Q-Mirror: Unlocking the Multi-Modal Potential of Scientific Text-Only QA Pairs
Junying Wang, Zicheng Zhang, Ye Shen, Yalun Wu, Yingji Liang, Yijin Guo, Farong Wen, Wenzhe Li, Xuezhi Zhao, Qi Jia, Guangtao Zhai
TL;DR
Q-Mirror tackles the bottleneck of scarce multi-modal scientific benchmarks by proposing a systematic TQA-to-MMQA transformation framework, a dual-benchmark setup for MMQA generation and evaluation, and an autonomous agent that iteratively refines MMQAs. The framework hinges on a multi-dimensional quality rubric with Information Consistency, Cross-Modal Integration, and Standalone Quality, and defines a formal AVG scoring mechanism. Empirical results show current LMMs can generate MMQAs but exhibit gaps in factual grounding, while top judges align well with human judgments; the Q-Mirror agent significantly improves MMQA quality (AVG 78.90 to 85.22 and pass rate 72% to 95%). This work offers a scalable, cost-effective path to large-scale multimodal scientific benchmarks, enabling more robust evaluation and training of advanced reasoning models in science.
Abstract
High-quality, multi-modal benchmarks are crucial for advancing scientific reasoning in large models yet their manual creation is costly and unscalable.

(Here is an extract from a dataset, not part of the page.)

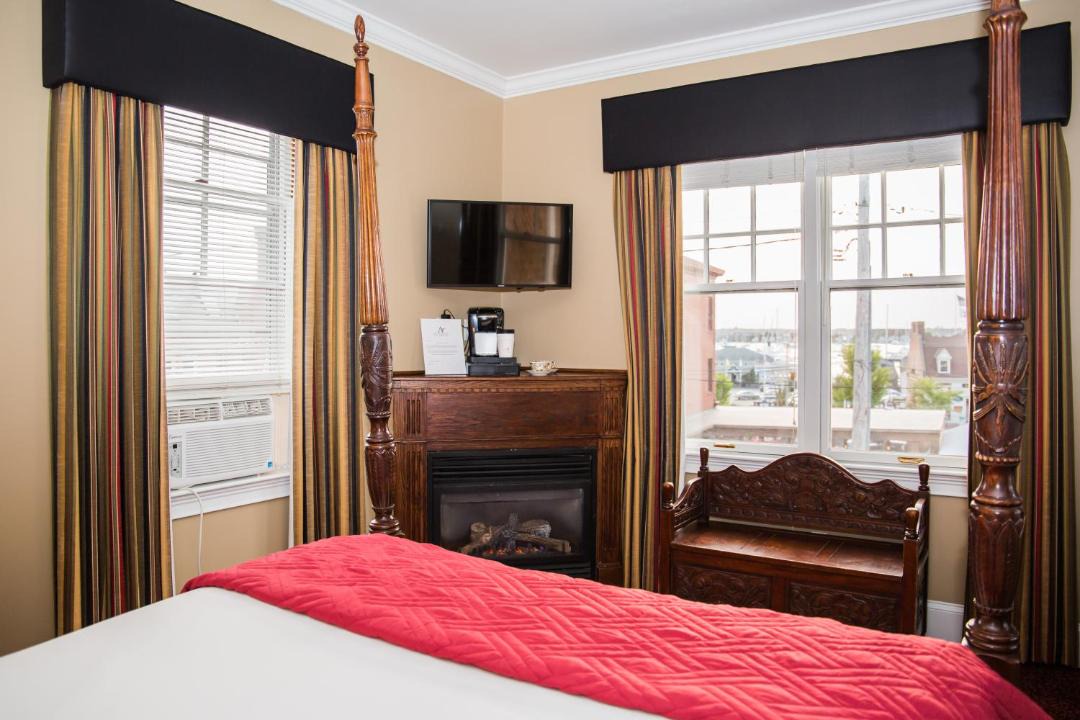 Photo of Bedroom in Newport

To address this bottleneck, we explore the potential for transforming Text-Only QA Pairs (TQAs) into high-quality Multi-Modal QA Pairs (MMQAs), which include three parts: 1) Task Definition \& Evaluation Rubric: We develop a TQA-to-MMQA framework and establish a comprehensive, multi-dimensional MMQA quality rubric that provides principles for the transformation. 2) Benchmark Construction: Then we construct two extensive benchmarks to rigorously evaluate state-of-the-art generation \& understanding models on the distinct tasks of MMQA generation \& MMQA quality evaluation. 3) Preliminary Solution: We develop an agentic system (Q-Mirror), which operationalizes our framework by integrating MMQA generation and evaluation into a closed loop for iterative refinement. Our experiments show that while state-of-the-art models can generate MMQAs, their outputs still leave substantial gaps, underscoring the need for reliable evaluation. We further demonstrate that top-tier understanding models align closely with human judgment in MMQA quality assessment. Leveraging both insights, the Q-Mirror agent raises average scores from 78.90 to 85.22 and pass rates from 72\% to 95\%, offering a practical path to large-scale scientific benchmarks.